▸ **SUPPLIED DATA**:
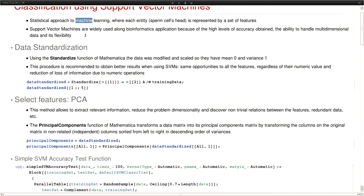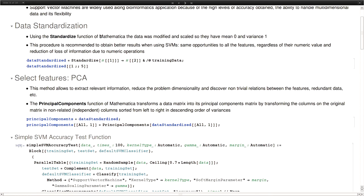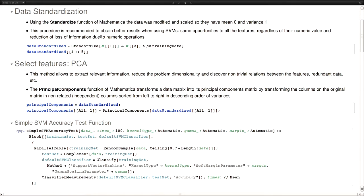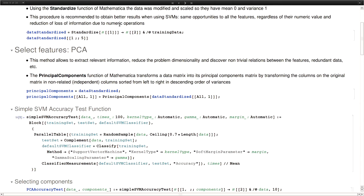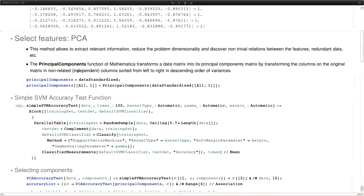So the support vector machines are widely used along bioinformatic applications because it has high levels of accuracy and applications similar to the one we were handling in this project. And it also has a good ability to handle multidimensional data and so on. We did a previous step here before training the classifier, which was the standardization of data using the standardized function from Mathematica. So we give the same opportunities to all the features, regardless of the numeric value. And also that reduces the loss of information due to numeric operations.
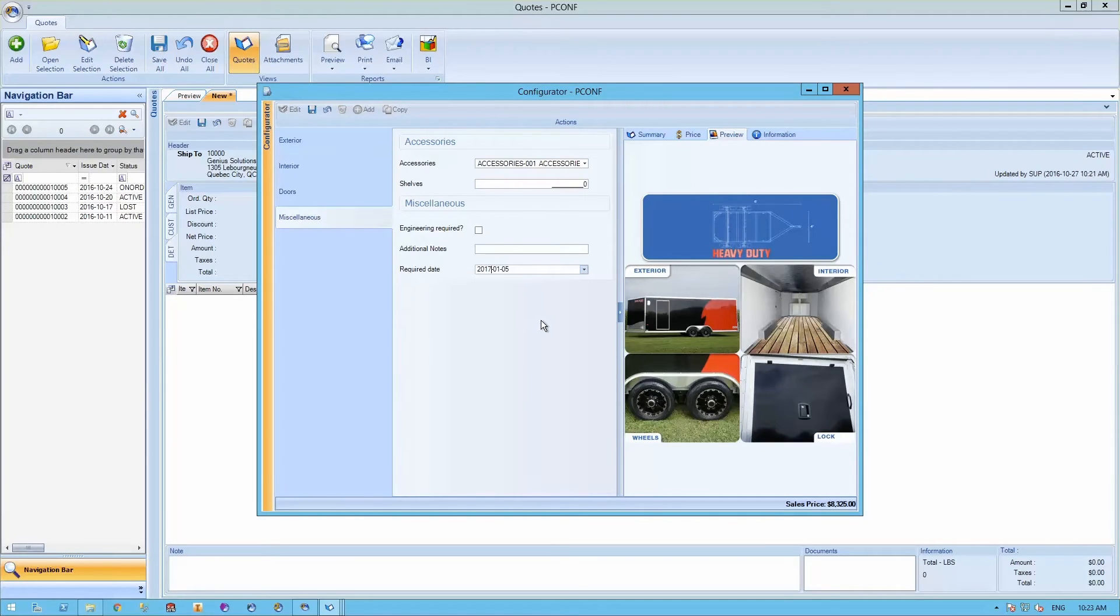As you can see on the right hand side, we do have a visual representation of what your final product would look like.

...

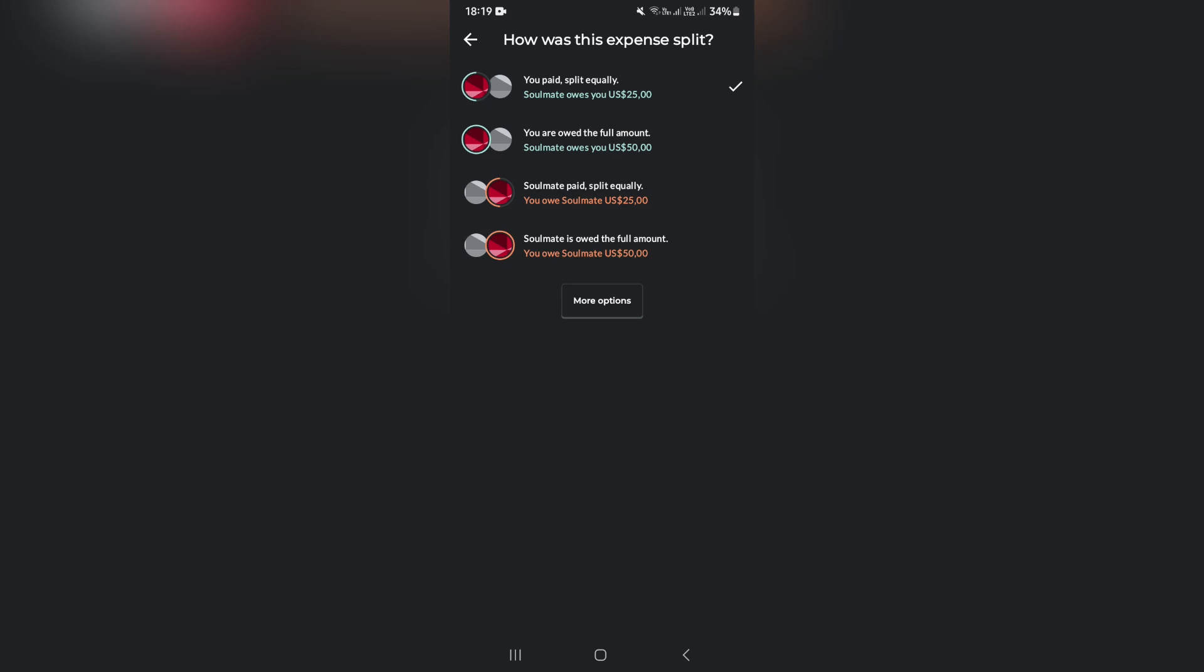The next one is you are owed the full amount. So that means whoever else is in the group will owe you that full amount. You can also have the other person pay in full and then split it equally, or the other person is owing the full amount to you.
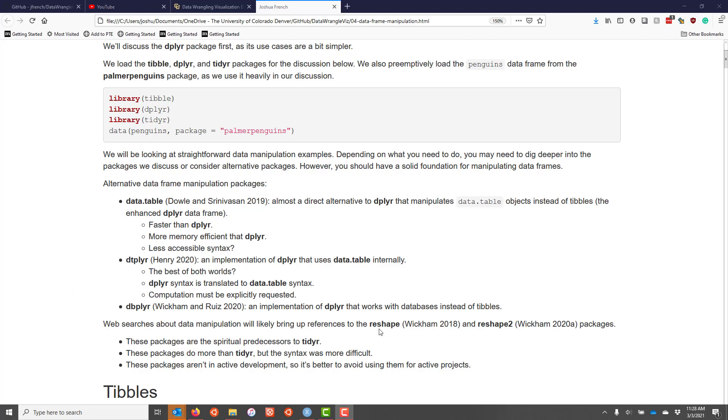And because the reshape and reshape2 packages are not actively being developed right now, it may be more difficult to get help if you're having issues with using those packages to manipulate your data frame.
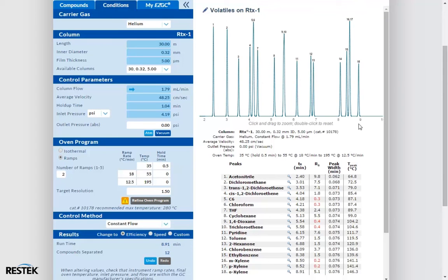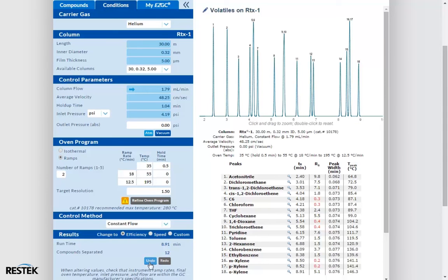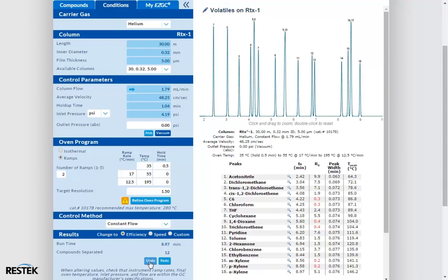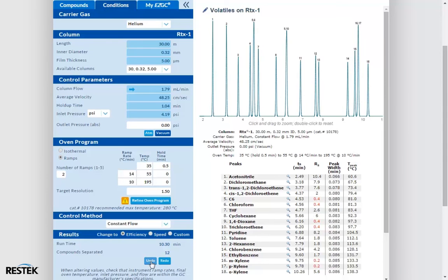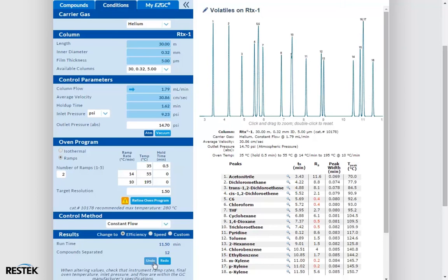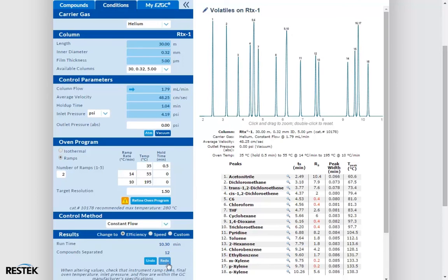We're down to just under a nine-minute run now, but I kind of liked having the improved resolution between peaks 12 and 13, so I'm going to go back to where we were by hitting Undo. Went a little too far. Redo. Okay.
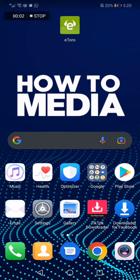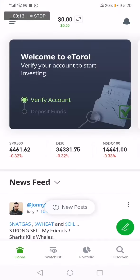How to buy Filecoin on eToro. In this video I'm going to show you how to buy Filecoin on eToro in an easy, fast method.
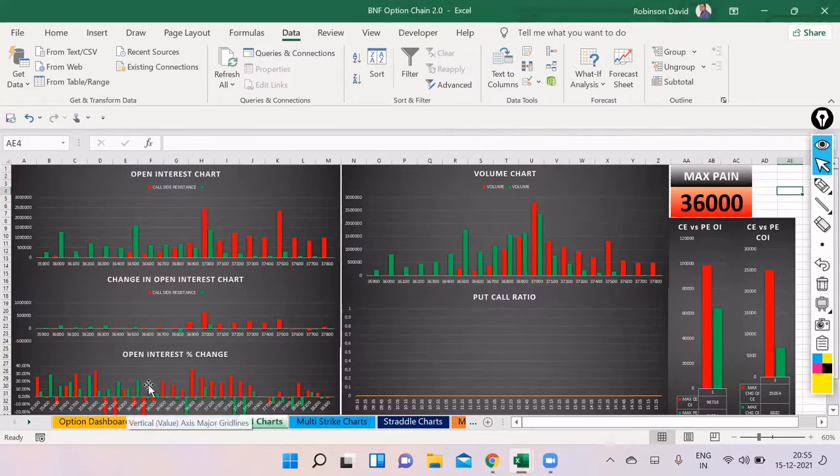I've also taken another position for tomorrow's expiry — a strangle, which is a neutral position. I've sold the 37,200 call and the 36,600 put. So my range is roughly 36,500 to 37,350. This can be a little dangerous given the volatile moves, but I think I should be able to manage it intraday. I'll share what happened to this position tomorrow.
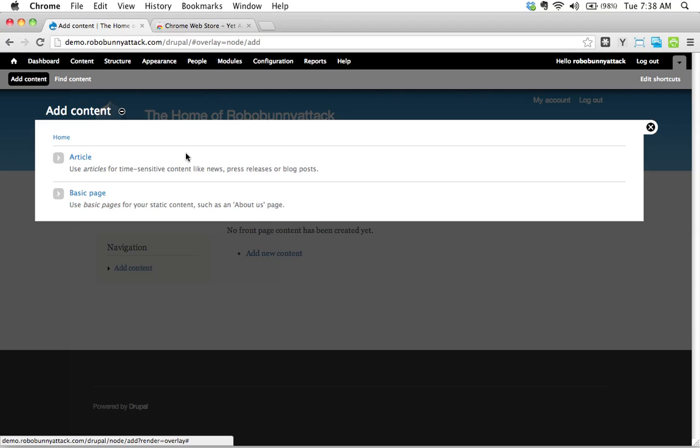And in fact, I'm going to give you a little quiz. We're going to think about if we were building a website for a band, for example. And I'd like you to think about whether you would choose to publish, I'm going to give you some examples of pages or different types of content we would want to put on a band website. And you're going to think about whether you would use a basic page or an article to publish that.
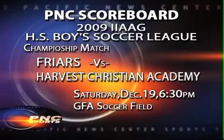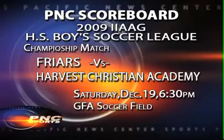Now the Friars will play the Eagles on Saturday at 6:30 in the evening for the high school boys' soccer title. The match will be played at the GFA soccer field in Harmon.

---

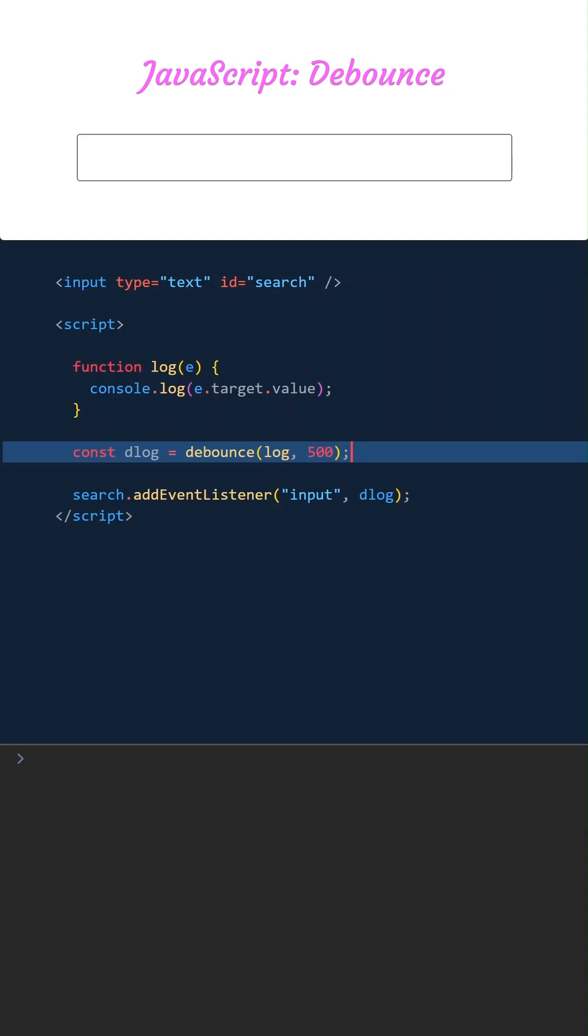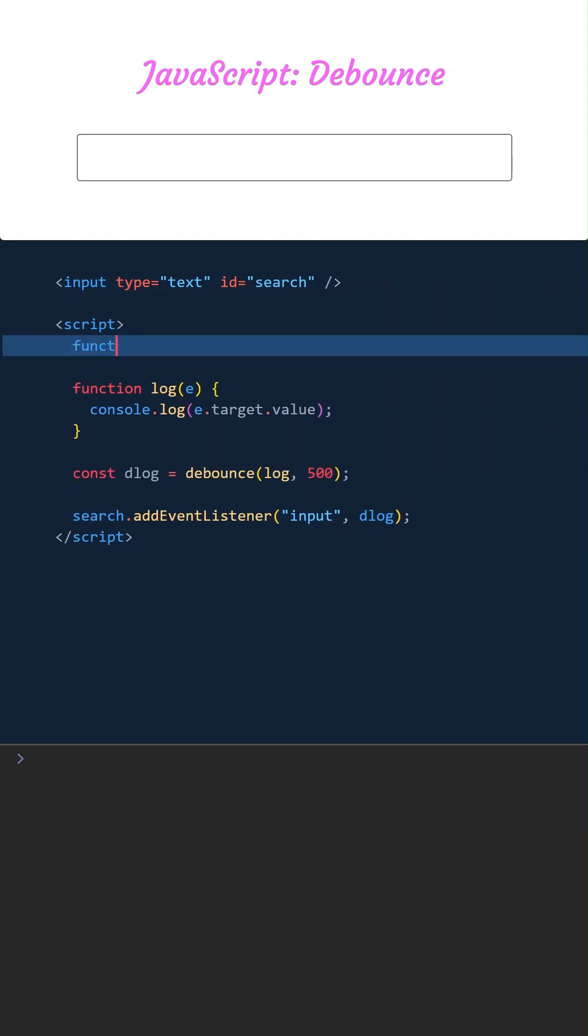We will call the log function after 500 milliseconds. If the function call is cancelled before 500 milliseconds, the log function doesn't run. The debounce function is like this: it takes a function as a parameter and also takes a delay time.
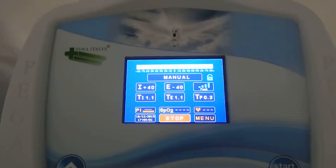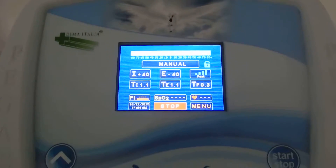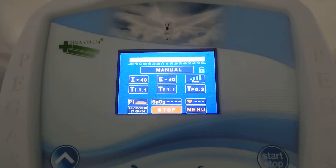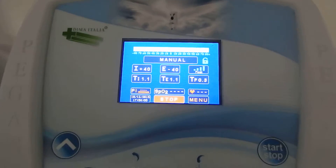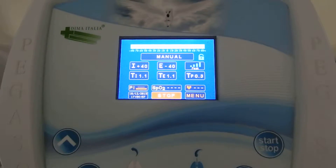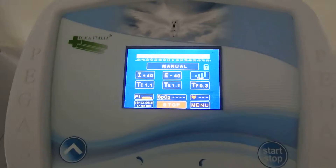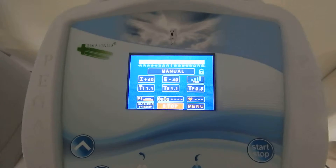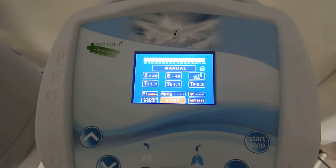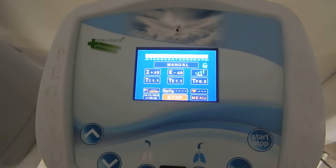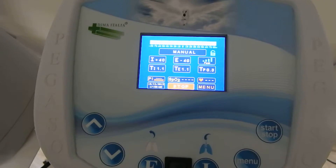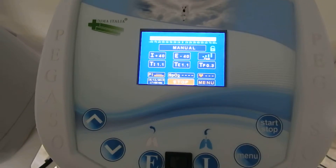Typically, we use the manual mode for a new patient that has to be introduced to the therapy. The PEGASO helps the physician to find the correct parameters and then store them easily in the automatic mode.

▸ **AIM OF THE TASK**: Copy exactly the part of the material above that opens with the line containing "So the support" and closes with the line containing "As you can see", ends included. Drop the images.

▸ **EXERCISE RESULT**:
So the support vector machines are widely used along bioinformatic applications because it has high levels of accuracy and applications similar to the one we were handling in this project. And it also has a good ability to handle multidimensional data and so on. We did a previous step here before training the classifier, which was the standardization of data using the standardized function from Mathematica. So we give the same opportunities to all the features, regardless of the numeric value. And also that reduces the loss of information due to numeric operations.
As you can see on the right hand side, we do have a visual representation of what your final product would look like.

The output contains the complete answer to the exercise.